Shea lives in a Boulder townhouse with his wife, Jessie. About two years ago, they replaced their gas furnace with a 2.5-ton Daikin cold-climate heat pump for a ducted system; they also got a heat-pump water heater to replace the gas model. Like Borgeson, they also got central air-conditioning in the bargain, replacing evaporative cooling equipment that serviced the second floor.

Further, the Sheas installed solar panels on the roof, which basically zeroed out their electric bills. While they rely on the grid when the sun is down — they don’t have battery storage for their sun-generated electricity — the panels can often put kilowatts into the grid during daylight hours, and they’re credited on a one-to-one basis for that power.

“The solar was actually more of an economic play, because we knew that electrifying our home would do most of the work in decarbonizing,” Shea said.
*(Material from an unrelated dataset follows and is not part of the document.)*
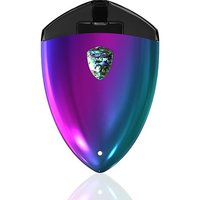 SMOK ROLO Badge All-In-One Pod Kit 250mAh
The Sheas pay their utility just $8 a month to maintain their grid connection.

The heat pump provides a comfortable heat comparable to that of the furnace, except that the system tends to “run slower longer,” Shea said. “So there’s kind of more constant airflow through the home, versus the furnace that would sort of come on and blast super-high heat for small periods of time and then turn off.” They’ve only had to use electric resistance backup heating once, he said, during a two-day period of below-zero temperatures.

Shea said electrifying the system helped him move toward a personal goal of reducing his carbon footprint as well as provided real-life experience with the concepts he deals with at RMI.

“Since my work ... is all about calculating the cost and climate benefits of different upgrades, doing it in my own home was just a great learning opportunity,” he said.